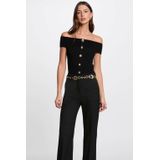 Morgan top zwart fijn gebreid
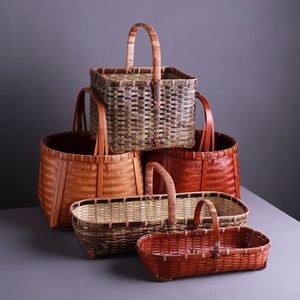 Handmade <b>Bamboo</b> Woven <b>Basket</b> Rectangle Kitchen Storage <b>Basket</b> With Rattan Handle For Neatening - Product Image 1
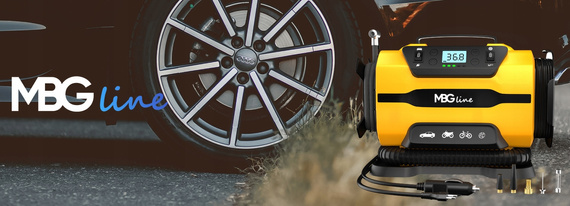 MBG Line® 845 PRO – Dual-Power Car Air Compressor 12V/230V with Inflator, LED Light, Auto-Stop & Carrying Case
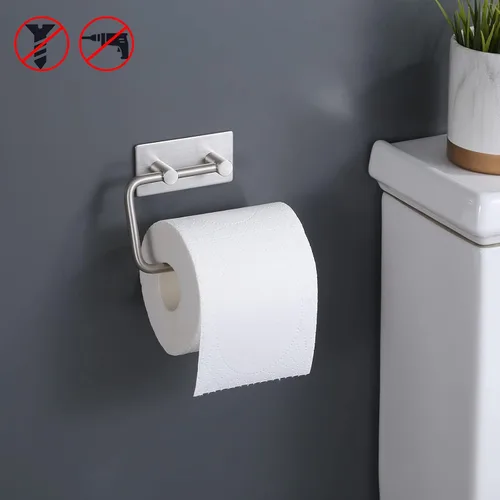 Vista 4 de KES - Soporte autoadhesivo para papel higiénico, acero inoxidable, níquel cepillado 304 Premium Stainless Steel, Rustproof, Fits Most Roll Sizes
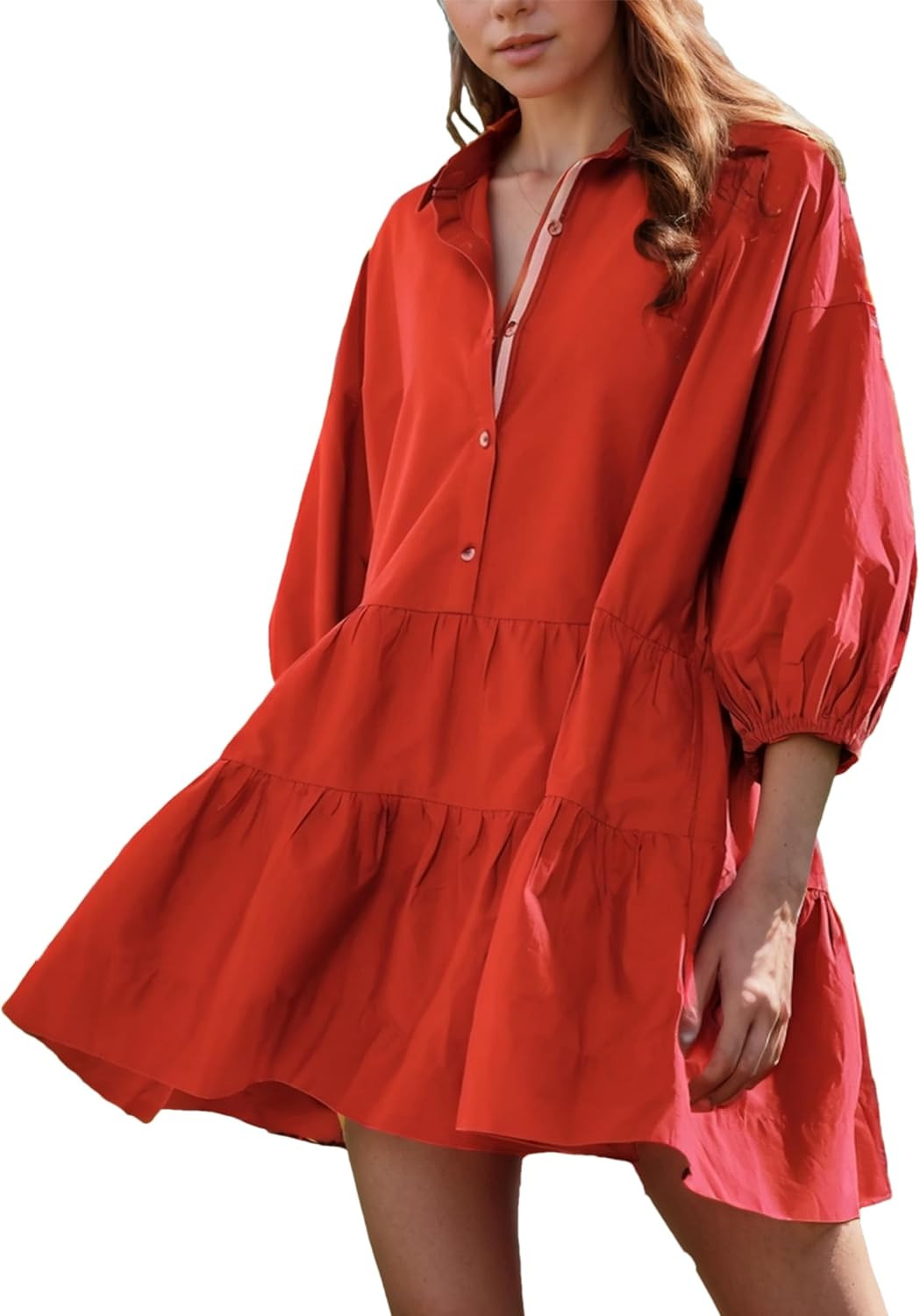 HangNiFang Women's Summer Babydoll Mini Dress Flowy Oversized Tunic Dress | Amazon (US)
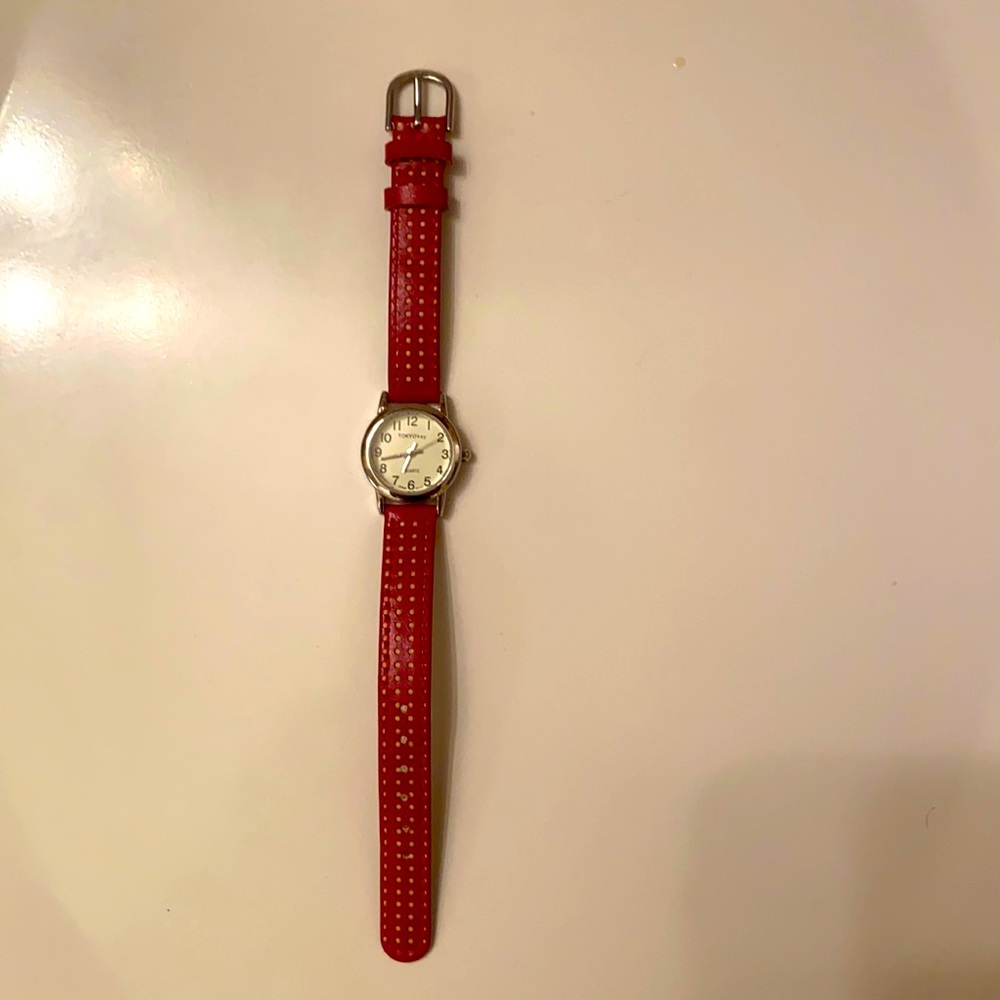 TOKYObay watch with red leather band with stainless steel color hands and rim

---+---

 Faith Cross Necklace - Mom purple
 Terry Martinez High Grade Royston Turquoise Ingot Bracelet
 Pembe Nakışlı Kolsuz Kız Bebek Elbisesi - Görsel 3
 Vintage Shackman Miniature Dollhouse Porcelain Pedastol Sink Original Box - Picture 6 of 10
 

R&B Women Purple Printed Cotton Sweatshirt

---+---

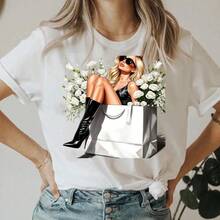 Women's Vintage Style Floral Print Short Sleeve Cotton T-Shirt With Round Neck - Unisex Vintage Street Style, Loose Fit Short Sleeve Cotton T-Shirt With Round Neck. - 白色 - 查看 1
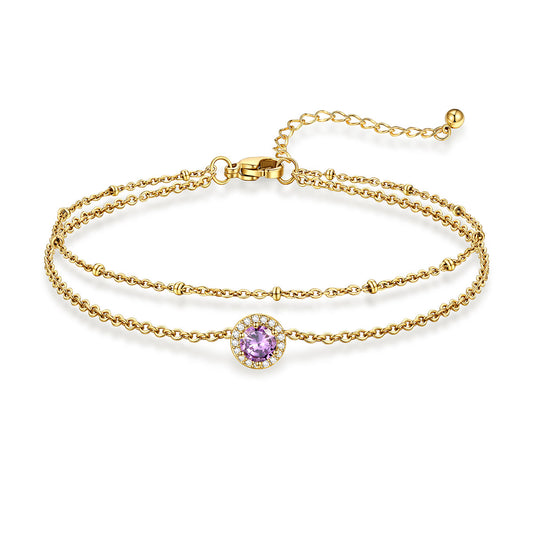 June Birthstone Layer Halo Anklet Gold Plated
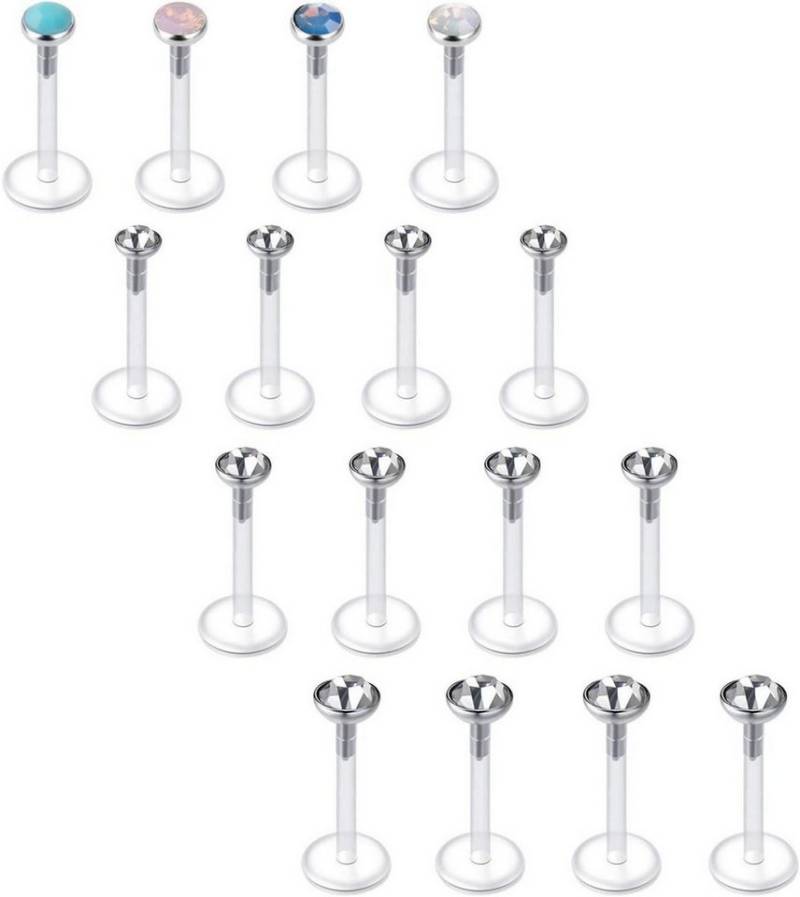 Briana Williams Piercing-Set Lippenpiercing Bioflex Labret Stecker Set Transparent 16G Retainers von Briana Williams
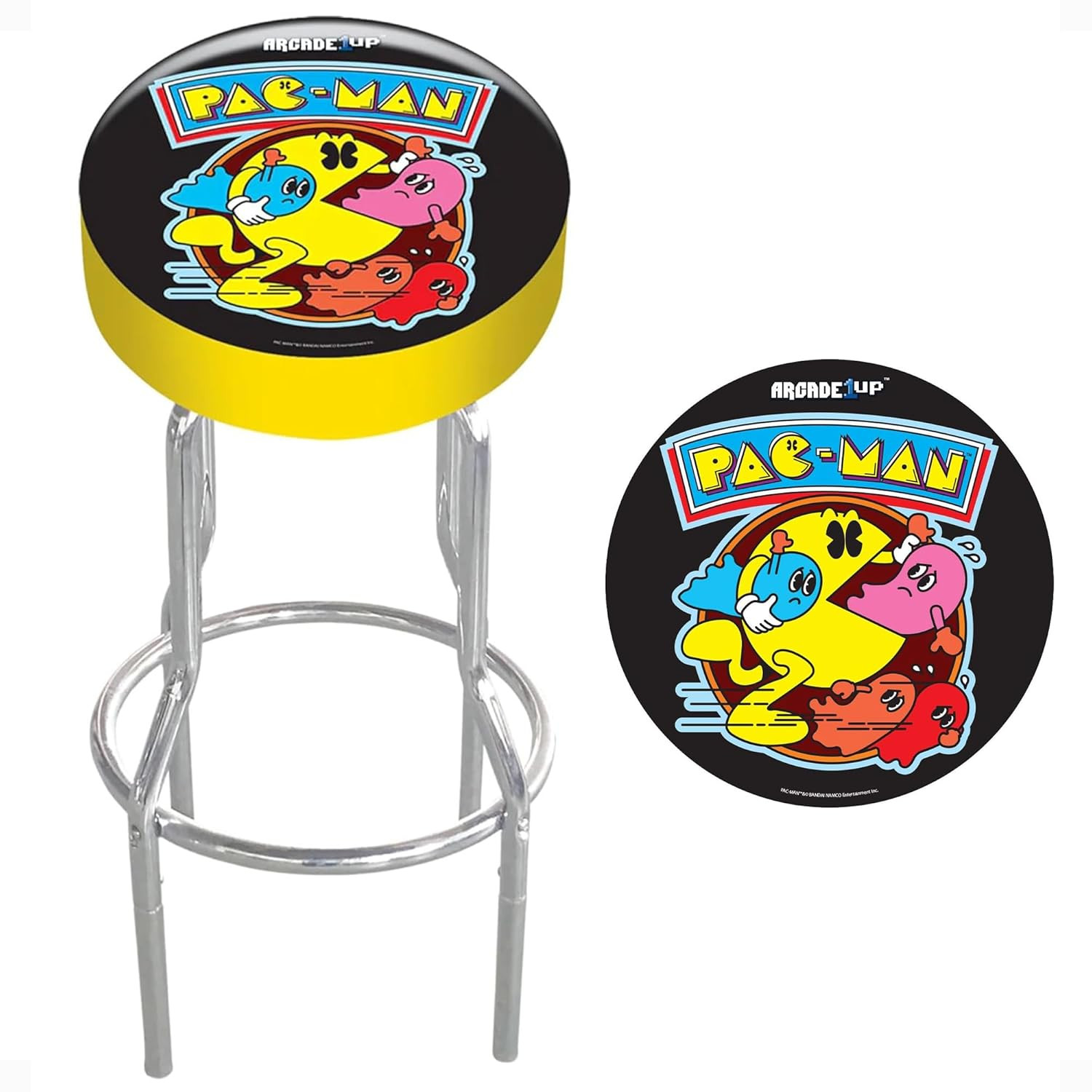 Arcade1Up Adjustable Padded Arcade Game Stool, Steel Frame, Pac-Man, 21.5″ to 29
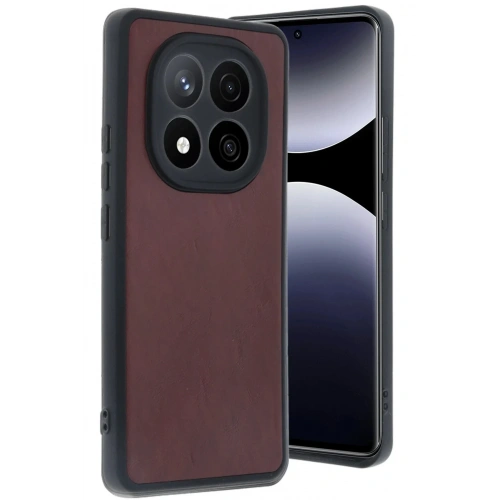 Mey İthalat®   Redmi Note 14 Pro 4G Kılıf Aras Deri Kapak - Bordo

---+---

** Task description **
Look above for the line with "Faith Cross Necklace - Mom purple" and the line with "R&B Women Purple Printed Cotton Sweatshirt", and reproduce exactly those two lines plus every line between, nothing more.

** Task output **
 Faith Cross Necklace - Mom purple
 Terry Martinez High Grade Royston Turquoise Ingot Bracelet
 Pembe Nakışlı Kolsuz Kız Bebek Elbisesi - Görsel 3
 Vintage Shackman Miniature Dollhouse Porcelain Pedastol Sink Original Box - Picture 6 of 10
 

R&B Women Purple Printed Cotton Sweatshirt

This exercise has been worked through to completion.